Saudi Arabia launches new communication satellite
It will provide secure communications, internet connectivity and television signal across the region
Saudi Arabia’s latest communication satellite developed by the kingdom's scientists and engineers has been launched by the European aerospace company ArianeGroup.
The rocket carried the Saudi Geostationary Satellite 1 (SGS-1) into orbit on Tuesday night from the Guiana Space Centre in French Guiana, South America.
“It provides secure satellite communications, stronger internet and television connectivity, on the KA band for the government of Saudi Arabia, it has the coverage of Middle East, North Africa and Europe for the next 15 years,” Badr Al Suwaidan, the satellite’s programme director said.

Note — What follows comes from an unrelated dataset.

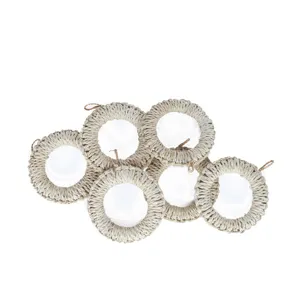 Handcrafted natural straw woven trivet set, round corn leaf table mat for hot dishes.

“It’s a sign of a new era,” he added.
The operation was carried out by Arianespace using the Ariane 5 rocket, which also carried an Indian satellite into orbit.
Crown Prince Mohammed bin Salman oversaw the development in 2018 and placed a signed letter, headed "above the clouds" to be placed inside the rocket before take off.
A team from the King Abdulaziz City for Science and Technology developed the satellite in collaboration with American aerospace company Lockheed Martin.
KACST is a government institution that supports and enhances the kingdom's satellite research. It has launched 15 satellites in to low-earth orbit, Mr Al Suwaidan said.
Previous launches included remote-sensing satellites designed to provide high-resolution images of the planet’s surface.
The kingdom has also collaborated with China in December to launch a satellite to land on the far side of the Moon.
Ground stations in the kingdom will operate and control the satellite. It will provide multiple services including broadband and secure communications to disaster areas.
“The satellite aims to improve local capabilities and to create more job opportunities in the space industry,” Saudi Press Agency said.
The satellite will serve the Saudi government and Greek-Cypriot Hellas-sat, a subsidiary of the Riyadh-based Arabsat.
It will also support the infrastructure of the kingdom's telecommunications sector, according to the Saudi Press Agency.
Saudi Minister of Energy Khalid Al Falih said the satellite aims to look at localising strategic technologies and to provide Saudi youth with the opportunity to work with the latest technologies in the fields of development and manufacturing.
The project is part of the kingdom’s Saudi Vision 2030 that aims to diversify the economy away from oil.